- **TASK REQUIREMENTS**:
Produce a faithful copy of the data, one that leaves out the pictures.

- **MATERIAL PROVIDED**:
-*-

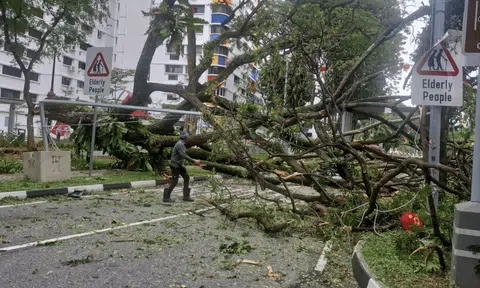A tree along Pipit Road in MacPherson fell early on the morning of Feb 18, causing the two-lane road to be blocked for hours.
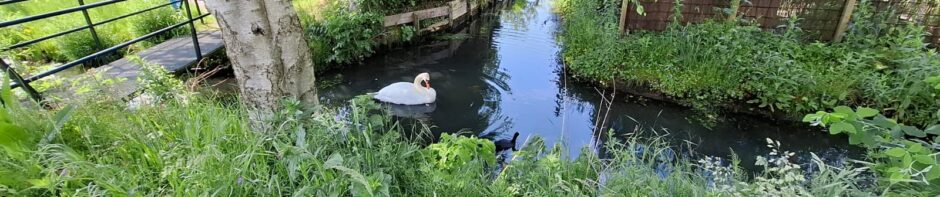 Tuinbouwvereniging Buytentwist
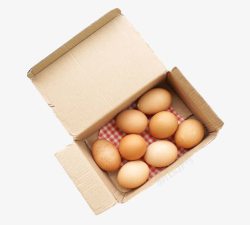 鸡蛋包装纸盒素材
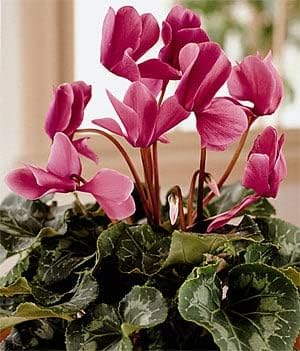 Pink Cyclamen Flower Seeds for Planting - 100 pcs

-*-

- **SOLUTION TO THIS TASK**:
A tree along Pipit Road in MacPherson fell early on the morning of Feb 18, causing the two-lane road to be blocked for hours.
 Tuinbouwvereniging Buytentwist
 鸡蛋包装纸盒素材
 Pink Cyclamen Flower Seeds for Planting - 100 pcs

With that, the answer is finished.